The Bad iPod and USB flash drive integration is lacking. The four-speed automatic transmission feels primitive.

The Bottom Line Despite some power-train limitations, the 2009 Dodge Avenger SXT comes in as an efficient and practical choice among midsize sedans, with some cabin tech features not available elsewhere.

Photo gallery:
2009 Dodge Avenger SXT

Dodge's midsize sedan competitor, the 2009 Avenger, has a surprising set of features to recommend it, most notably cabin conveniences you don't expect to find on a model starting in the low $20,000s. A Stone-Age transmission is what really keeps it from being an effective Camry killer, although many will like Dodge's muscle-car design language. Dodge packages its cabin tech options for Bluetooth and navigation under the UConnect name, but our Avenger lacked these extras.

On the road
We used the 2009 Dodge Avenger SXT for a 1,000 mile trek from San Francisco to Los Angeles and back, and when we first got into the car we couldn't help but think we'd gotten a rental. Fleet sales over the last couple of decades inured us to cars with bland interiors made from hard plastics, of which the Avenger is a prime example.

Ready for a road trip, we have a TomTom clamped to the windshield.

Lacking a navigation system in our car, we clamped a TomTom to the windshield, programmed in our Los Angeles destination, and started counting down the miles. As the leading, lower edge of the windshield was far forward, using the TomTom's touch screen while underway was not possible. Further, that severely slanted windshield subjected the TomTom to plenty of glare.

Audio for our trip came from an MP3 CD in the six-disc changer, an iPhone tapped into the car's auxiliary input, and Sirius satellite radio. It's not the most advanced audio set-up, but it does provide some options.

Our Avenger SXT was fitted with a 2.7-liter V-6, an upgrade from the standard 2.4-liter four-cylinder engine, transversely mounted and powering the front wheels.
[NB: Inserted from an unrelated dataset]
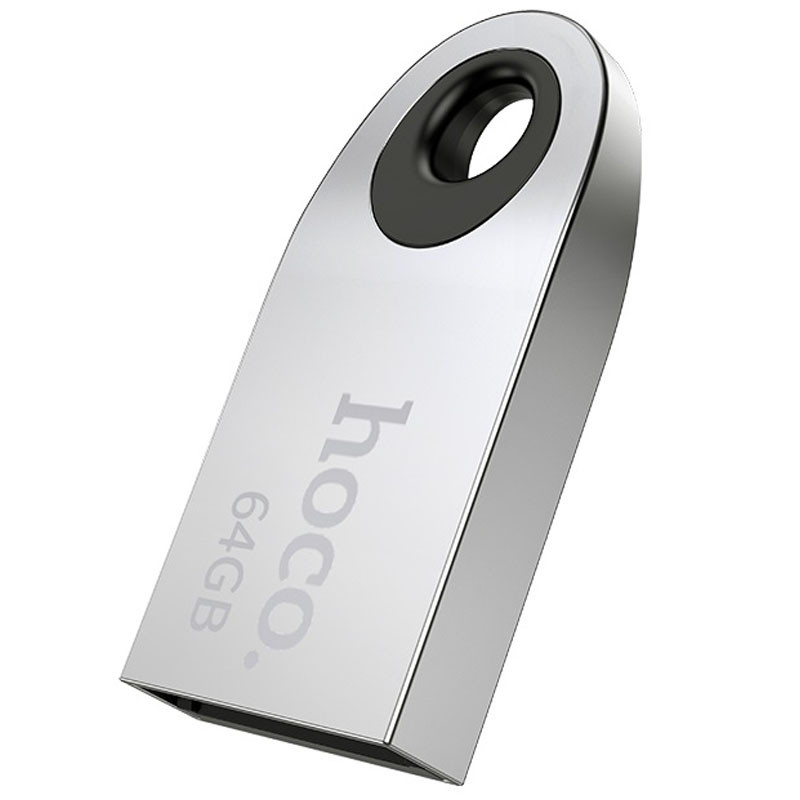 Флеш накопичувач USB 2.0 Hoco UD9 64GB (Срібний)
Although this is a flex-fuel engine, we didn't encounter any E85 at the pumps during this road trip.

While passing big trucks on the Interstate, the V-6's acceleration was less than satisfying, often because it had to wait for the four-speed automatic transmission to step down, which didn't happen promptly. And when the transmission finally realized passing gear, the tach needle would shoot up to 6,000rpm with the power train making a terrible straining whine.

The four-speed automatic transmission makes the engine strain when it steps down to passing gear.

However, during the steep climb up the mountains on the northern border of Los Angeles, we put the shifter in third gear and the Avenger easily maintained power, passing up other cars that were wheezing on the steep grade.

There are more comfortable cars to take over long distances, but the Avenger proved adequate. As a bonus, our total mileage for the trip, which included high-speed freeway driving and Los Angeles traffic, came in at 27.8 mpg, just a little over the EPA highway number of 27 mpg (19 mpg city).

In the cabin
Arrows in Dodge's cabin tech quiver include UConnect GPS, UConnect Phone, and UConnect Tunes, branded terms for a hard drive-based navigation system with live traffic, Bluetooth phone support, and onboard music storage. Although our 2009 Dodge Avenger SXT wasn't equipped with these options, we tested them earlier in the Dodge Challenger, and found they worked very well.

The simple display on the stereo shows channel information for satellite radio.